Real-time monitoring the spatial distribution of organic fouling using fluorescence imaging technique

Abstract

Many studies have demonstrated a close relationship between fouling and fluid dynamics to control fouling formation. However, few have been carried out to validate the relationship in practice, owing to the lack of techniques to evaluate fouling with hydrodynamics. We investigated the organic fouling of humic acid (HA) and tannic acid (TA) at three crossflow velocities using a fluorescence-labelled organism bioimaging instrument (FOBI). Higher crossflow velocity generally enhanced filtration performance; however, the type of foulants induced different fouling formation patterns on the membrane. The monitoring system and computational model revealed that HA fouling had strong (R2 = 0.82) correlation with the shear rate (obtained from a velocity of 10.42 cm/s), while TA had weak correlation (R2 = 0.13). HA fouling showed a high correlation with velocity profile at 10 cm/s, but TA fouling occurred in the over 20 cm/s velocity zone.
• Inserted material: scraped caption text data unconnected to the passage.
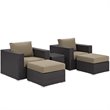 Hawthorne Collection 5 Piece Patio Sofa Set in Espresso and Mocha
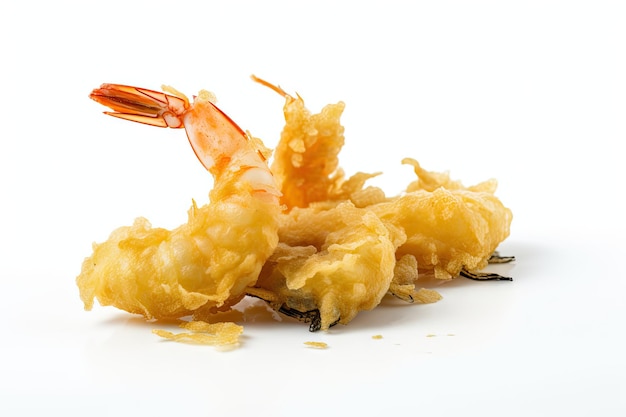 Garnalen Tempura Knapperige Zeevruchten Maaltijd Diep Geroosterde Tempura Garnalen Abstracte Generatieve AI Illustratie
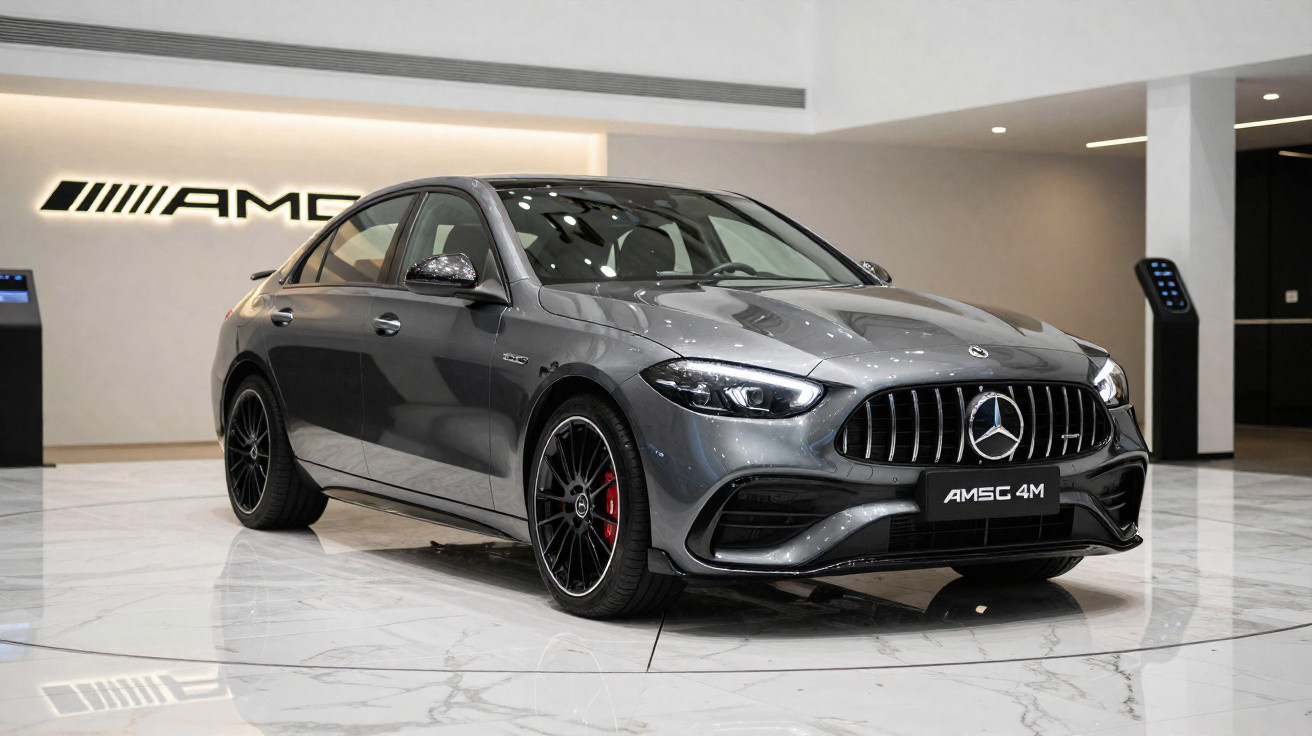 Carro cinza Mercedes-Benz AMG AMG 4M em exposição em ambiente interno moderno e iluminado.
This is because TA had relatively high adhesive force acting to the membrane, resulting in irreversible fouling that was hardly mitigated by crossflow control. Therefore, this study demonstrated that fouling development was predominantly controlled by hydrodynamic conditions, but the actual fouling distribution could be influenced by the physicochemical properties of dissolved organic matters.